Evan Davis asked Debs Wild, (described as a "music industry consultant") what she thought of the song. She offered: "It's formulaic … more house than pop." The other participant was Boff Whalley, former lead guitarist of the agit-prop band Chumbawamba, who had a massive hit with "Tubthumping" in 1997 and who gained a lot of fans when their lead singer chucked a jug of water over John Prescott at the 1998 Brit Awards. Although now disbanded, Chumbawamba are putting out an In Memoriam Maggie Thatcher CD, recorded four years ago (they announced it would be released "as part of the celebrations" on her death) and which had to be prepaid for online at the time. Did Evan realise that a hard-core Maggie-hater had penetrated Radio 4's heavyweight discussion about Korean pop? In the event, Boff didn't plug his Maggie music, but managed to make some of the most fatuous remarks about culture I've heard in the long time. His main complaint about Psy's "Gentleman" was that "it sounded the same" as his previous hit.

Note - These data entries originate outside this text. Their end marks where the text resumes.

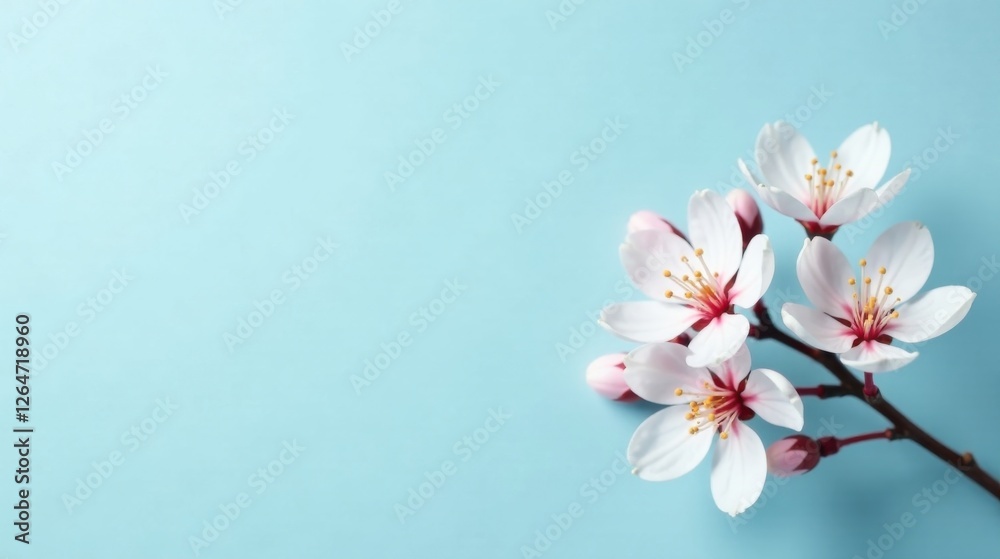 Fototapeta premium Delicate Spring Blossoms on a Light Blue Background, a Peaceful and Serene Floral Image Perfect for Various Applications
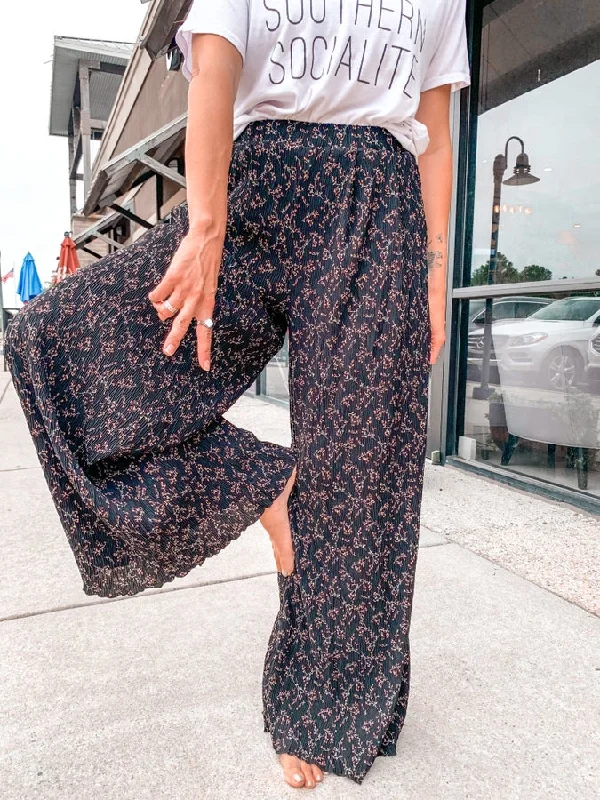 Black Printed Wide Leg Pants - Final Sale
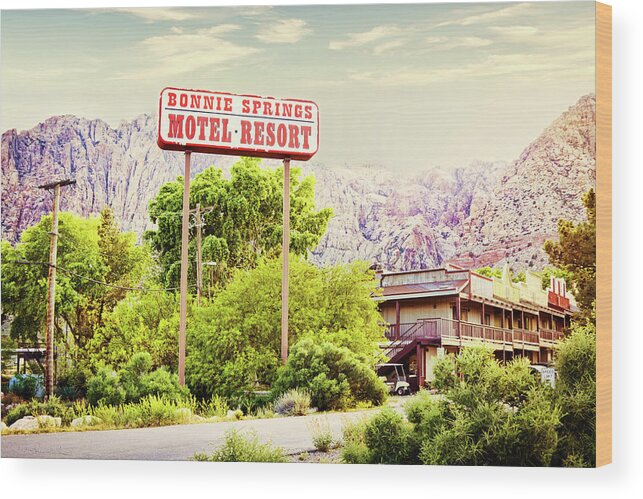 Bonnie Springs Motel Resort Wood Print featuring the photograph Bonnie Springs Motel Resort by Tatiana Travelways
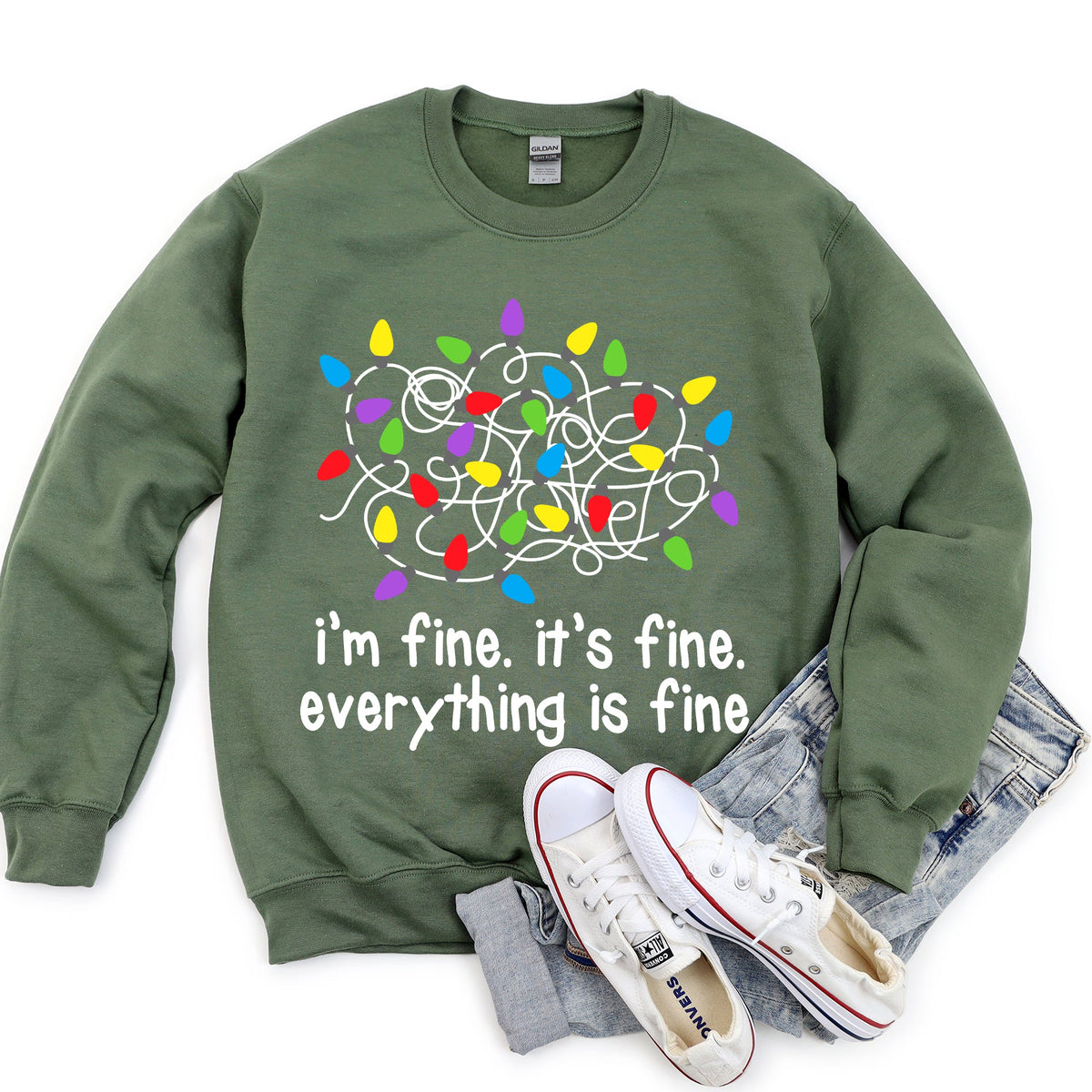 I'm Fine, It's Fine, Everything Is Fine Christmas Sweatshirt With Festive Quote And Cozy Comfort
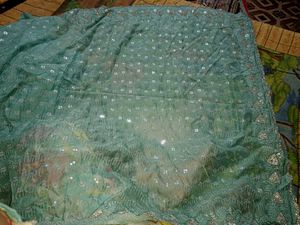 New stones work saree with designer blouse piece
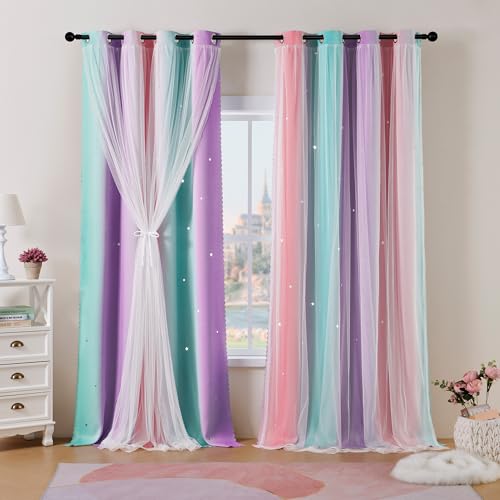 Best Baisite Gardinen Kinderzimmer 2er Set Verdunklungsvorhänge H 225 X B 132cm Doppellagige Vorhänge mit Hohlen Sternen Kinder Mädchen Baby Ösenschal Ösenvorhange Dekoration von Best Baisite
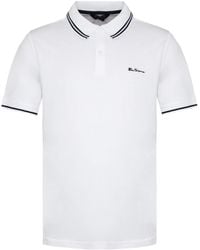 Ben Sherman - Classic Fit White/navy Tip S Twin Tipped Polo Shirt 0072550 10 - Lyst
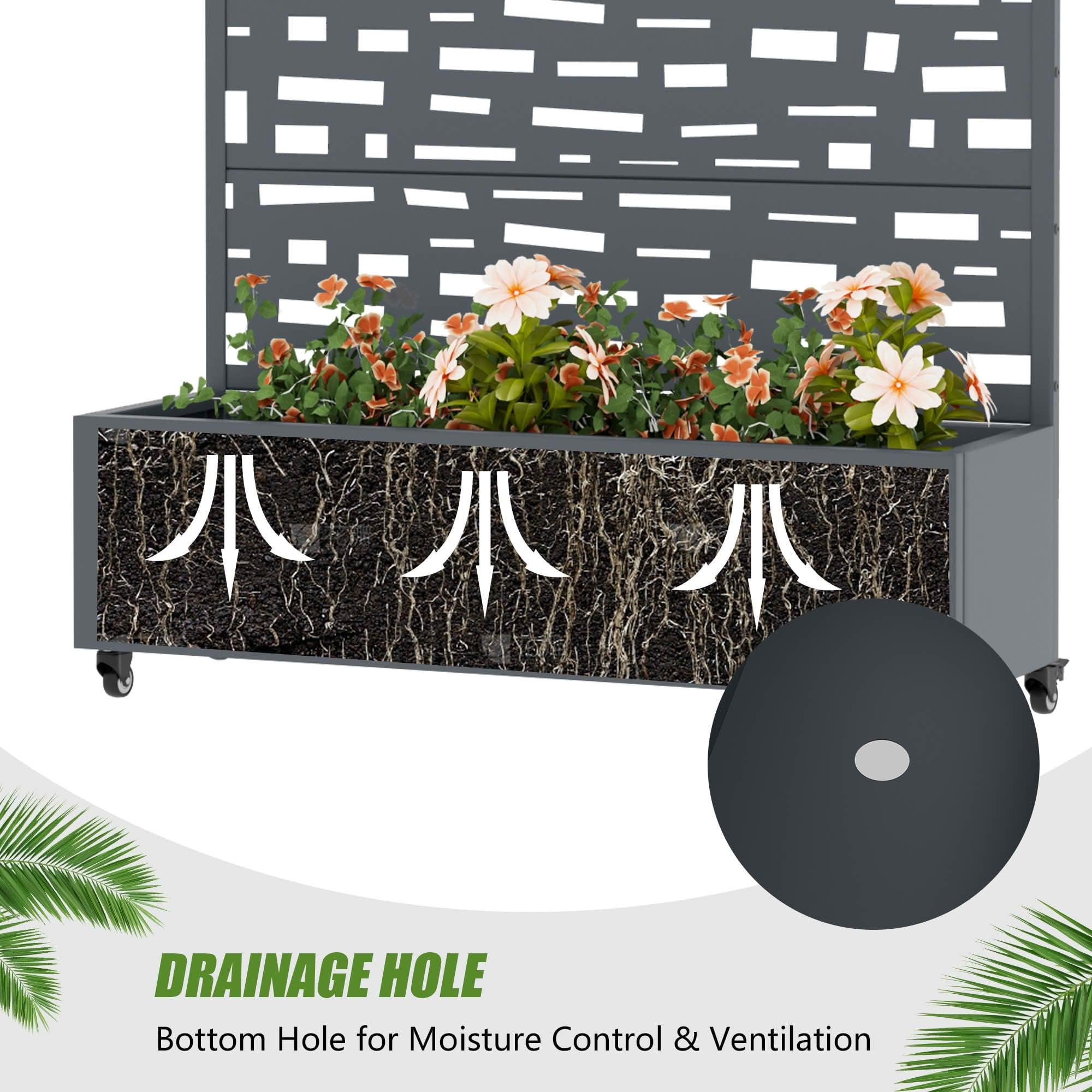 MAYEERTY 72X47" Metal Outdoor Cambrian Gray Privacy Screen with Planter Box for Backyard & Garden, 5 Piece Set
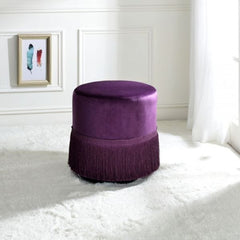 ACME Clivia Eggplant Velvet Ottoman 96467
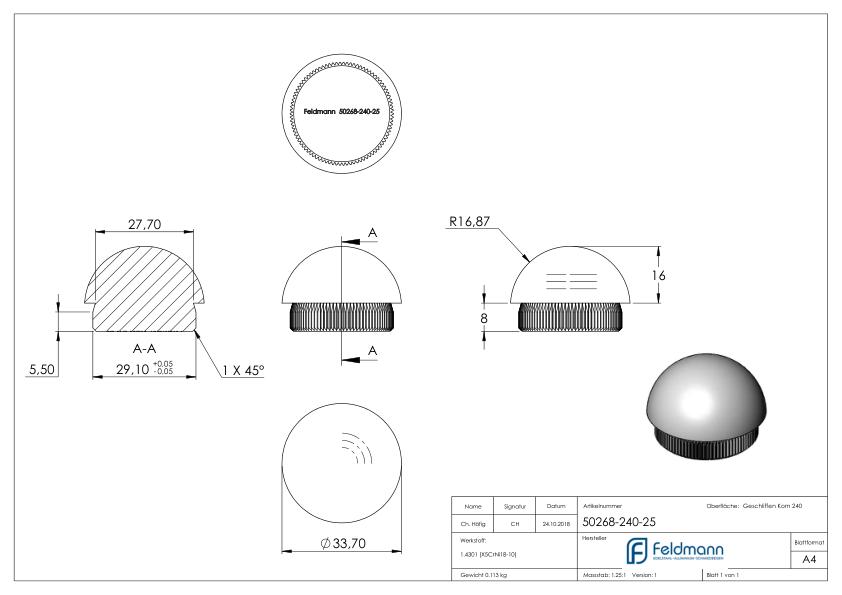 Rohrabschlussstopfen, für Rohr 33,7x2,5mm, V2A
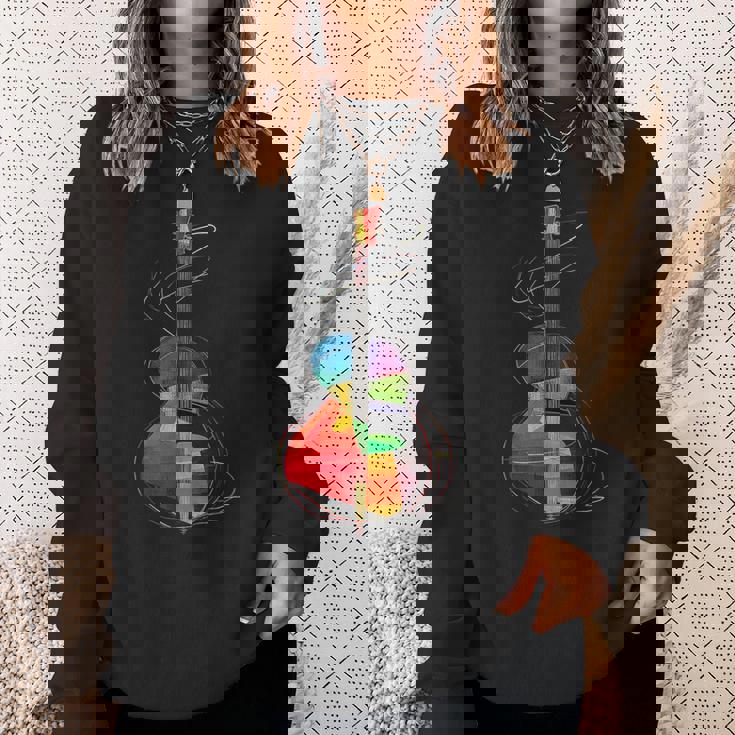 Guitar Music Instrument Motif Illustration Guitar Sweatshirt Gifts for Her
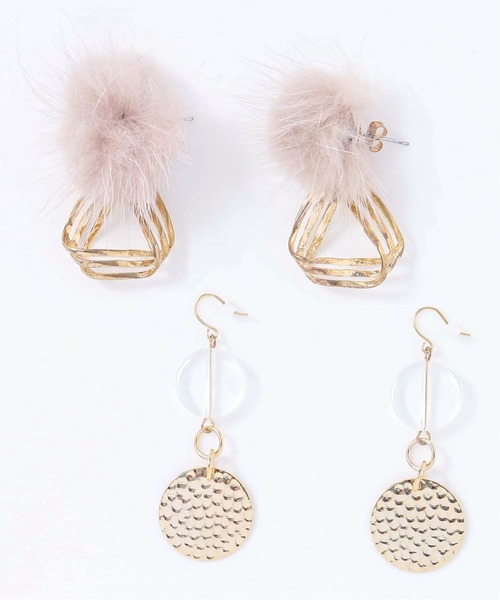 yield(イールド)の「【yield select】ファービジュー モチーフピアス 2点セット(ピアス(両耳用)・レディース・ピンク/グレー・FREE)」の2枚目の写真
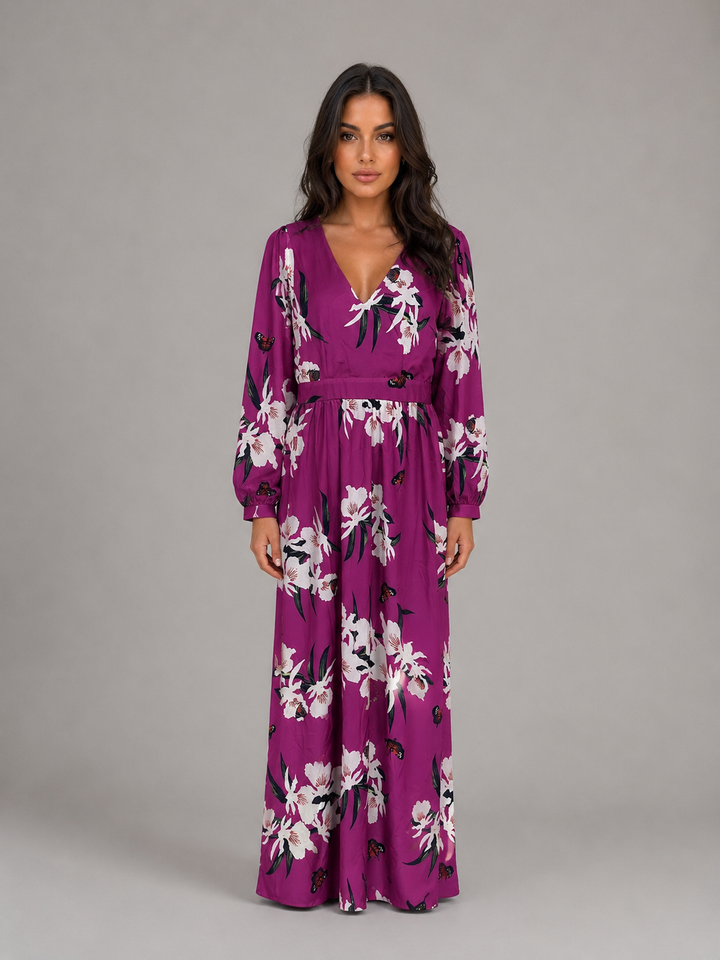Women's Long Sleeve Maxi Dress with Floral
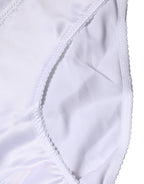 White Silk Stretch Mid Waist Brief Panty Underwear
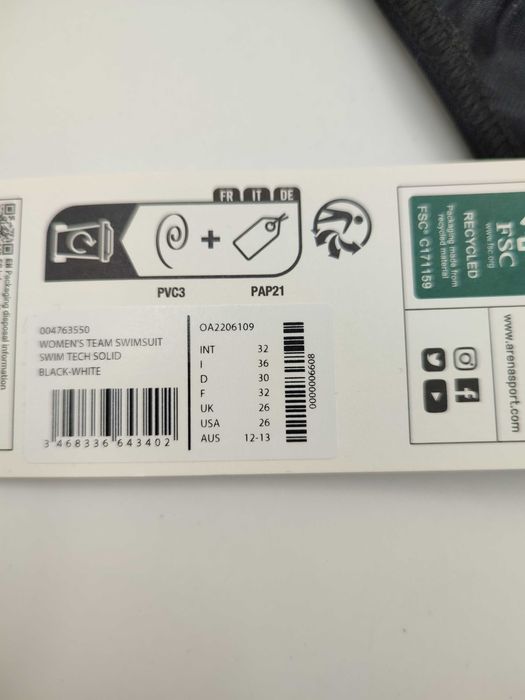 ARENA Damski Strój Kąpielowy Jednoczęściowy Tech Solid Czarny r. D 30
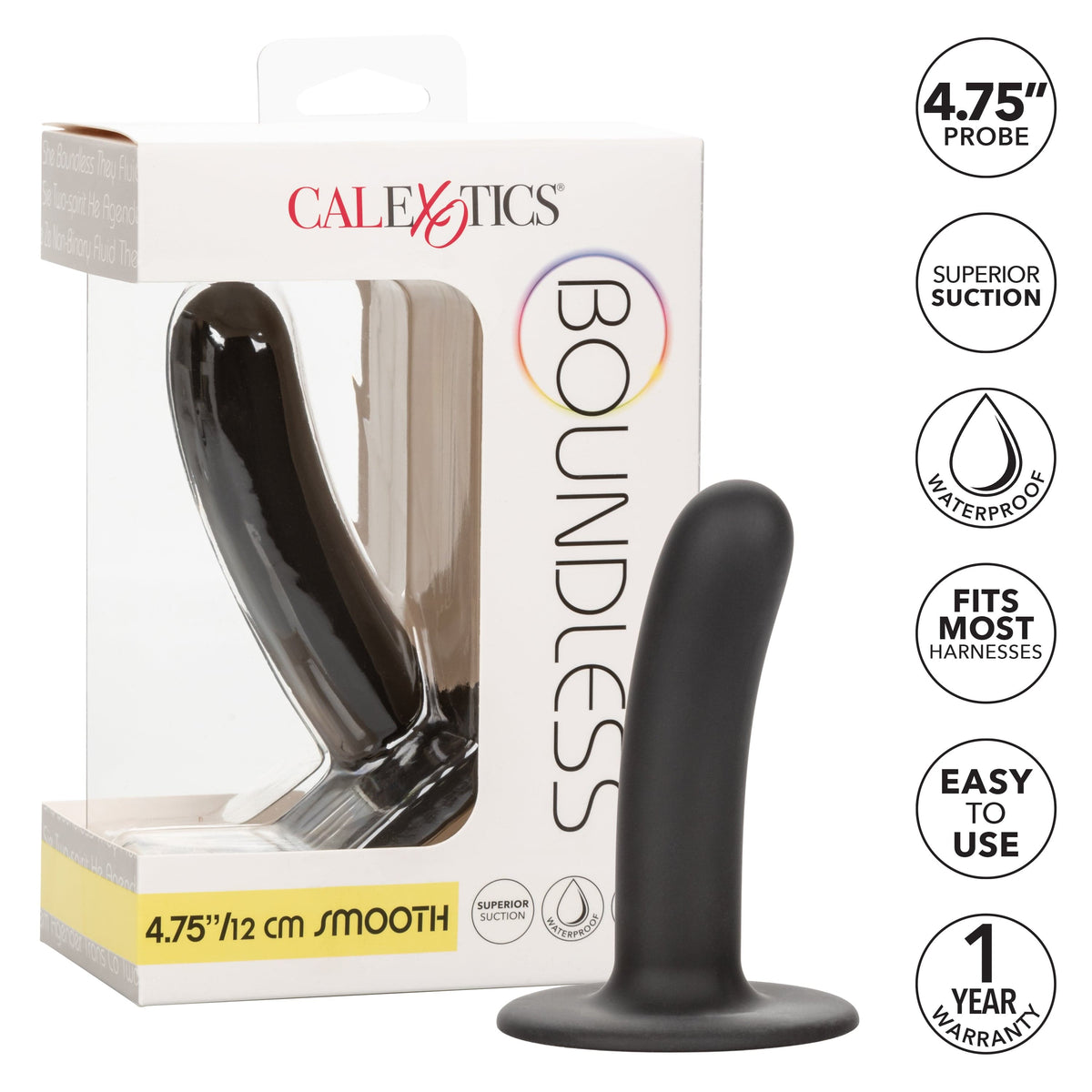 California Exotics - Boundless Smooth Pegging Probe Strap on Dildo 4.75&quot; (Black) Non Realistic Dildo with suction cup (Non Vibration) 716770096111 CherryAffairs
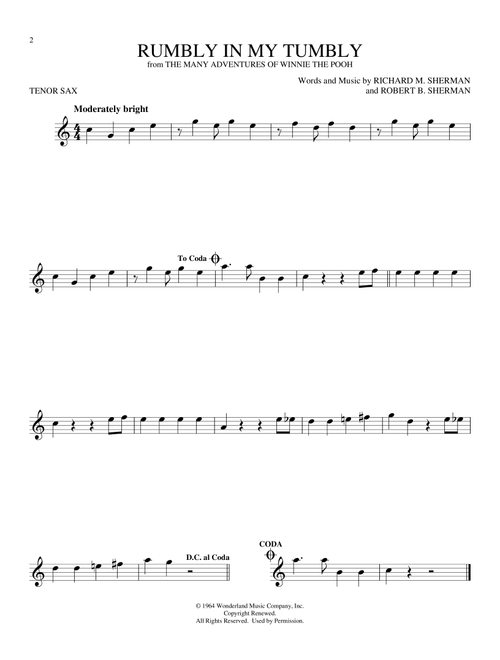 Rumbly In My Tumbly (from The Many Adventures Of Winnie The Pooh) - Robert B Sherman, Richard M Sherman (Tenor Sax Solo)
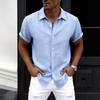 New summer men's plus size shirt teen solid color short-sleeved lapel shirt top men's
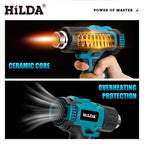 HILDA Cordless Heat Hot Air Gun Temperature Adjustment Electric Shrink Wrapping Tool Dryer With Nozzles for Makita 18V Battery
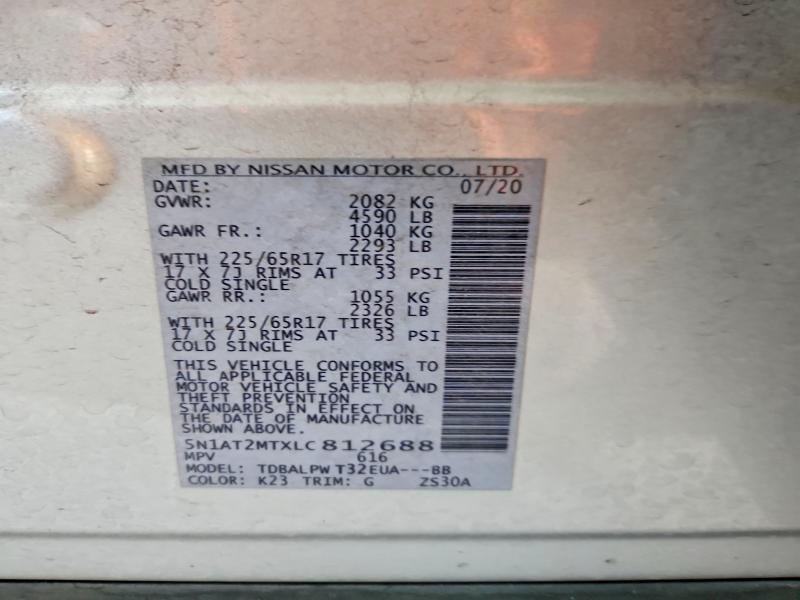 53669516 :رقم المزاد ، 5N1AT2MTXLC812688 vin ، 2020 Nissan Rogue مزاد بيع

Boff went on to complain he'd visited the Roy Lichtenstein show at Tate Modern and was disgusted because "every room was exactly the same". According to him, "great artists should do different things" – and he boasted how Chumbawamba had gone to great lengths to "lose" fans, relentlessly changing their style with every song until they finally split in 2012. Boff rated The Beatles and The Clash, because "they constantly changed".

Have you ever heard such drivel? Change for the sake of it, as a measuring stick for cultural significance and great art? Well, that's Francis Bacon, Jenny Saville, Lucian Freud, Jane Austen and the Pet Shop Boys all gone down the dumper. Psy makes pure celebratory pop. Why should he change a formula that appeals, no matter what language you speak or what god you worship? Being lightweight, frothy and fun is an artform. Never fall into the trap of thinking that being a pop star is a job for dolts. Only intelligent men and women sell records by the million. Sorry Boff: your philosophy might read like an anarchist's handbook, but you're destined to remain a footnote in pop history.

Feeble Beeb

The BBC dithers over "Ding Dong! The Witch is Dead" from The Wizard of Oz, which is heading towards the top of the charts after anti-Thatcher campaigners urged people to buy it. Tony Hall, the new director-general, thinks the campaign "is rather tasteless", distancing himself from the controversy, saying that the inclusion of the song in the Official Chart Show today "is an editorial matter". Ben Cooper, head of Radio One (salary £168,000 a year) has decided to play "up to five seconds" of it.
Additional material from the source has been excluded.